Beach Cleaning: The Good and The Bad

25 09 2013


Dear World

Last week, my course-mates and I went beach cleaning as part of a module requirement. With that being said, I am pretty sure most of us wanted to go beach cleaning anyways so we were all pretty excited. During the activity we collected 28 bags of garbage that weighed 230kg. I think that is pretty decent work for only being at the site for an hour.

Anyways, I made a few observations about the activity and noticed that may be, beach cleaning might not be the most effective activity or as good as people perceive. Don’t get me wrong! Cleaning beaches has many benefits such as maintain habitats for wildlife, preventing leaks of poisonous material into the environment and obviously, for aesthetic reasons as well ( we have to make our coast look pretty enough for ecotourism … or may be just plain tourism). In addition, with the recording system official beach cleaning organisations require, we can track how much trash is actually floating around the oceans and eventually end up on our shorelines. Sounds like a good functioning system!

Unfortunately, beach cleaning in theory has many great benefits to the environment and to society. In practice, many concerns come up, mainly to do with human tendencies or so I have noticed. For example, sometimes the people involved in beach cleaning are not necessarily strong enough to carry full bags of trash and therefore use less space in garbage bags and more bags themselves. This makes beach cleaning data more deceiving. While we tried to compile 2-3 half filled bags into one bag, other groups of people may not do the same skewing the results of the data collected,

Another observation I made was that cleaners are selective of what they pick up. While I understand that sometimes some pieces of Styrofoam or plastic are harder to remove use to obstacles that are not necessarily easy to overcome ( e.g. a fallen tree, thick forestation or potentially coming into contact with poisonous or sharp torn), I have noticed that sometimes the most obvious pieces of trash are easily ignored. This could be due to a few reasons; firstly, our group was filled with young people who are adventurous and ambitious( yes, even when it comes to collecting trash). People were ducking and climbing into the mangroves to collect trash that were the furthest to reach. Others when far from shore and into the muddy middle ground between ocean and land. We ignored the obvious when we should have realized any piece of trash picked up would have been beneficial to the ultimate goal: cleaning the beach.

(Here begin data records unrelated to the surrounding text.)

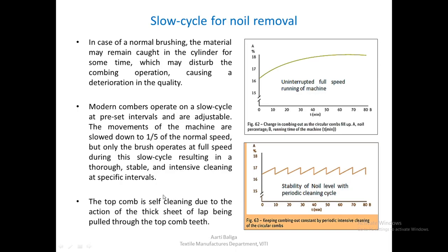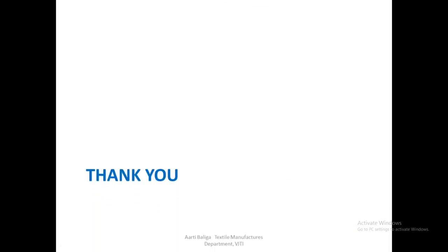Regarding the top comb: the top comb is a self-cleaning mechanism due to the action of the thick sheet of the lap being pulled through the top comb teeth. The top comb just penetrates and stays in place, and the detaching roller helps pull the trailing end of the fringe through the top comb. As this pulling action happens in every cycle, the top comb has a self-cleaning effect and no separate cleaning mechanism is needed. With this we come to the end of this lecture — thank you.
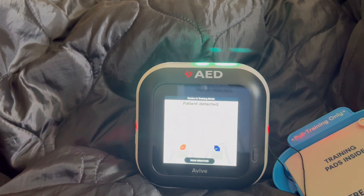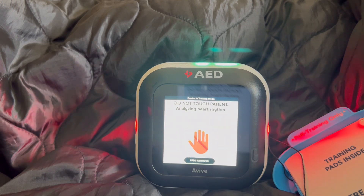Patient detected. Do not touch the patient or pads. Analyzing heart rhythm.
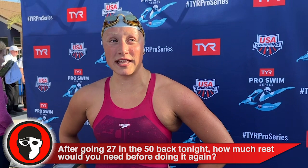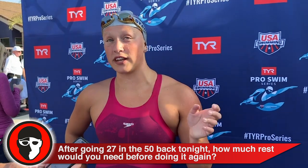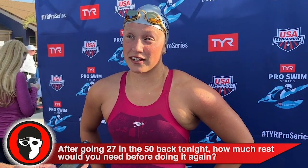I was going 31s, and then we did the first half on a minute and then the second half on 90. I've been going 31s and then 30 lows and 29s on the second half, so yeah.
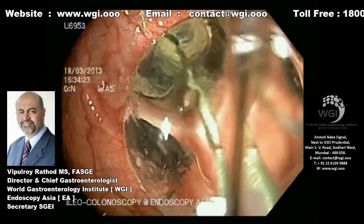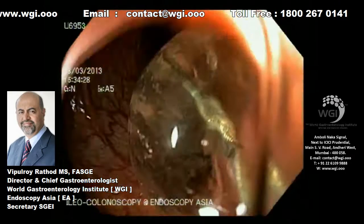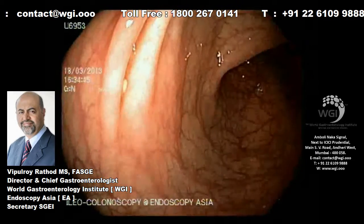We don't routinely biopsy these very benign strictures, as there is no evidence of neoplasia. After a minute of dilatation, we can quite easily pass the scope over the balloon and enter the proximal colon with ease.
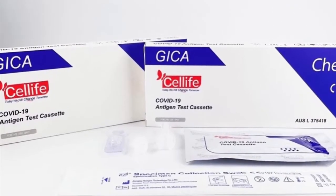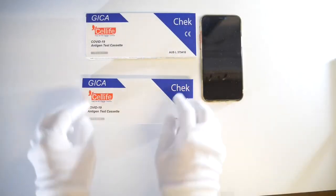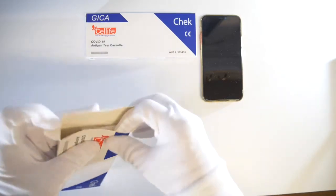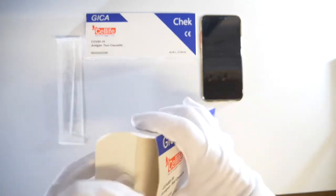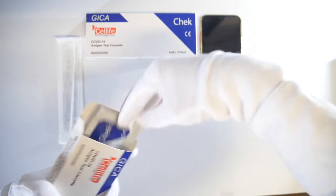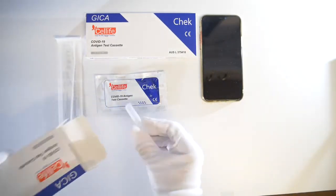Cell Life Australia introduces our new COVID-19 antigen test cassette. Our easy-to-use kit contains a sterilised swab, a test cassette, and an extraction tube containing the buffer solution.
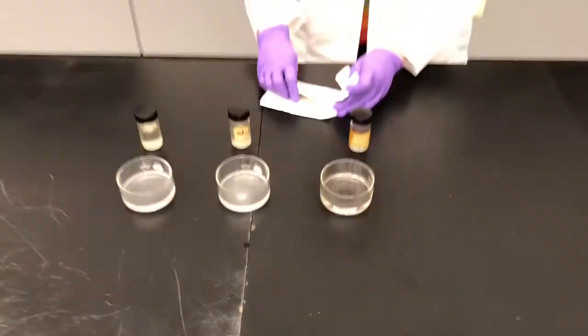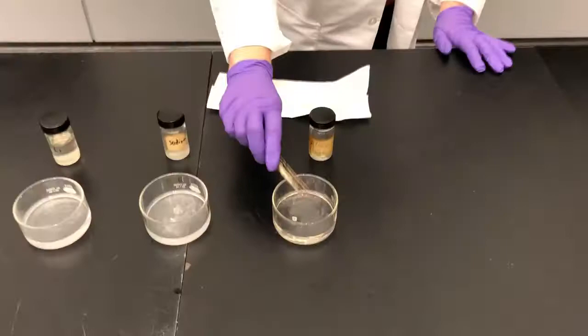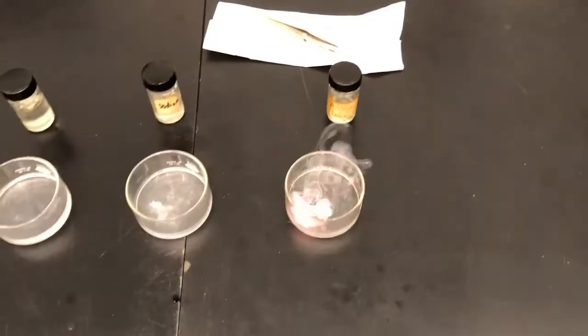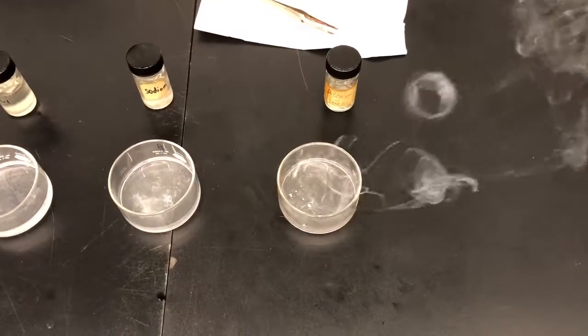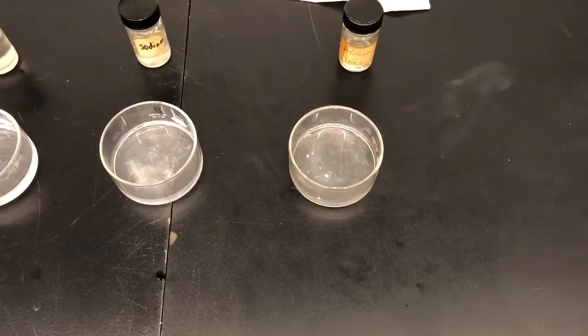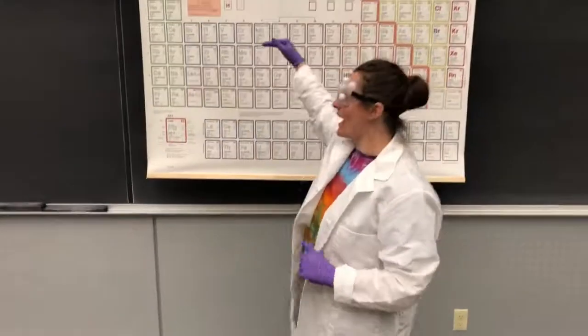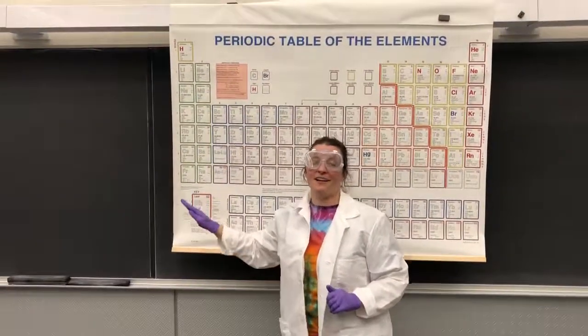And for the potassium. Now think about the strength of the reaction of what you saw here, and what that has to do with the arrangement on our periodic table.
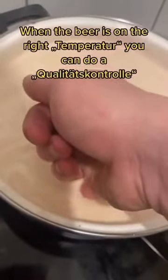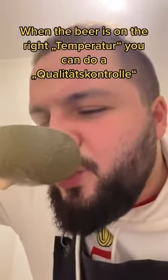When the beer is at the right Temperatur, you can do a Qualitätskontrolle — but it's still new.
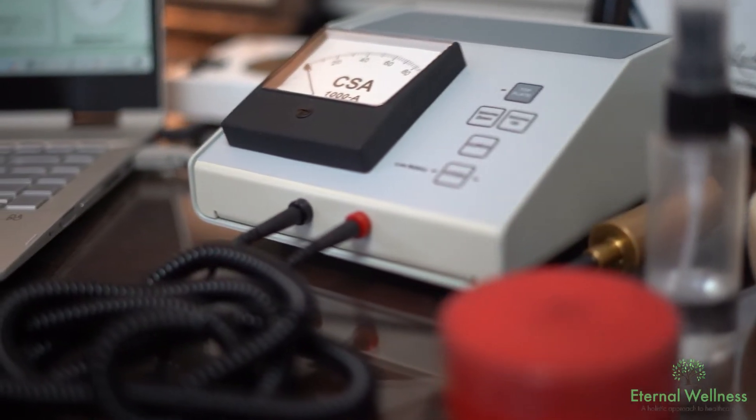We use a small machine and there are two probes. One probe you will hold in your hand, and the other probe I will use to touch points along the acupuncture meridians, and what that does is it creates a biofeedback loop.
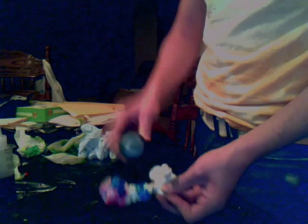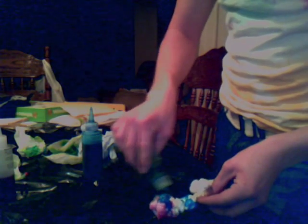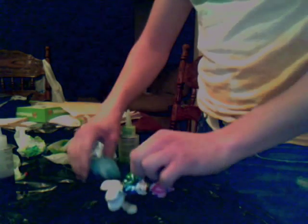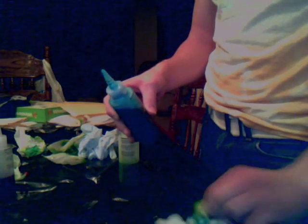Oh, don't mix them. Let's see — she doesn't dip it. Let's do some pink here.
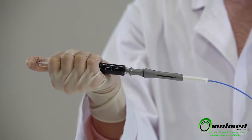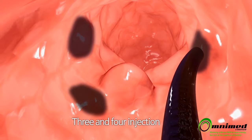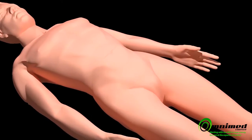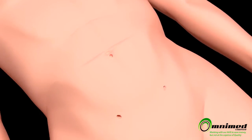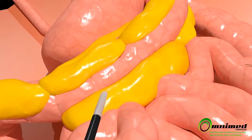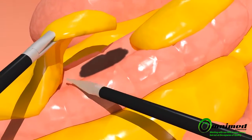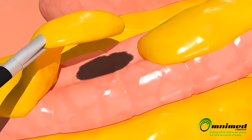With one Black Eye, approximately four injections are recommended around the area of the lesion. Injecting Black Eye this way allows easier observation of the area of the lesion through a laparoscope. Black Eye is a solution to easily and securely identify lesions for subsequent removal.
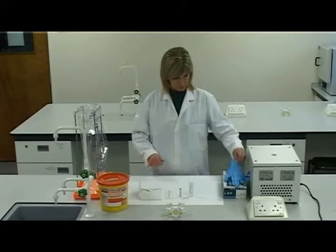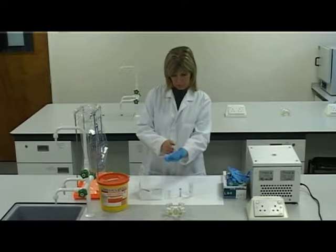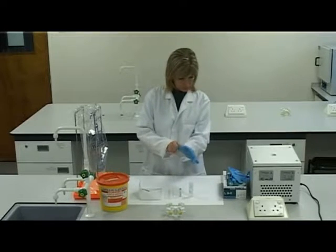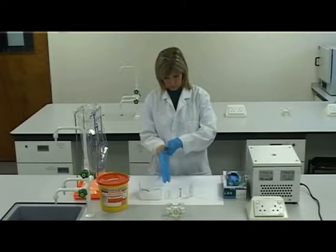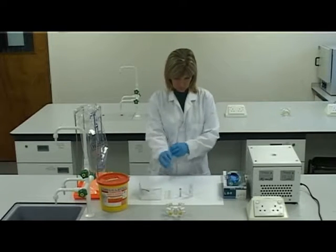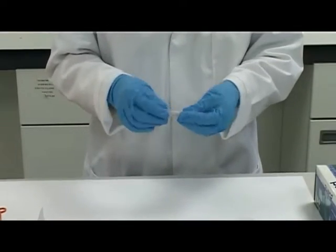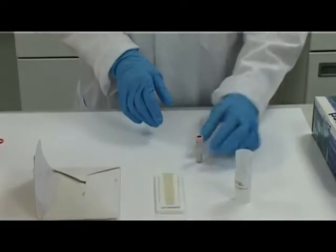Put on gloves. Select an EDTA blood sample and mix the sample gently. Remove a plain capillary tube.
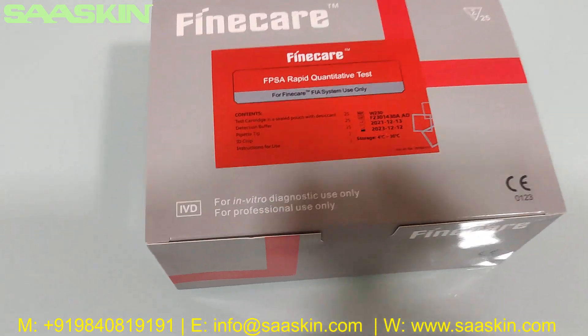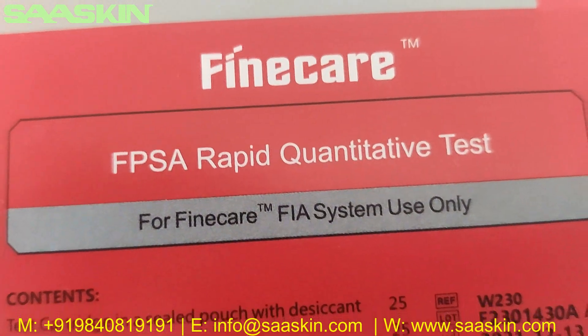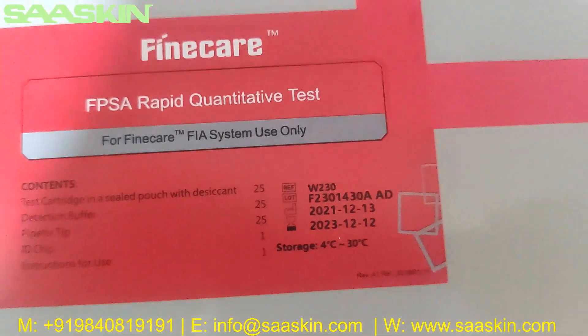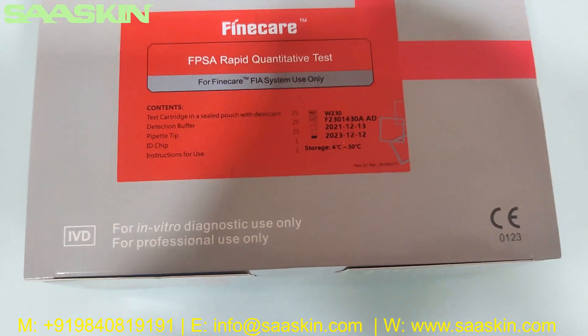Hello everybody, today we are going to see the unboxing of FineCare FPSA Rabbit Quantitative Test. It's used in the FineCare FIA system. This is a 25 test kit pack and it's the IBD certified product.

These observations of my cohort should not be considered as generalizations. They are merely meant for people who would do beach cleaning in the future to consider your actions during the activity.  Beach cleaning still has its benefits and volunteers are always welcomed.

The ultimate lesson from the experience is that, really, beach cleaning should not be our first option for protecting our coast. If we want a better coastline, we need to stop the cause the root of the problem; we need to limit our waste and stop using our ocean as bottomless pit for trash.

I hope everyone takes part in beach cleaning though. It is still a very eye opening experience.

Take Care!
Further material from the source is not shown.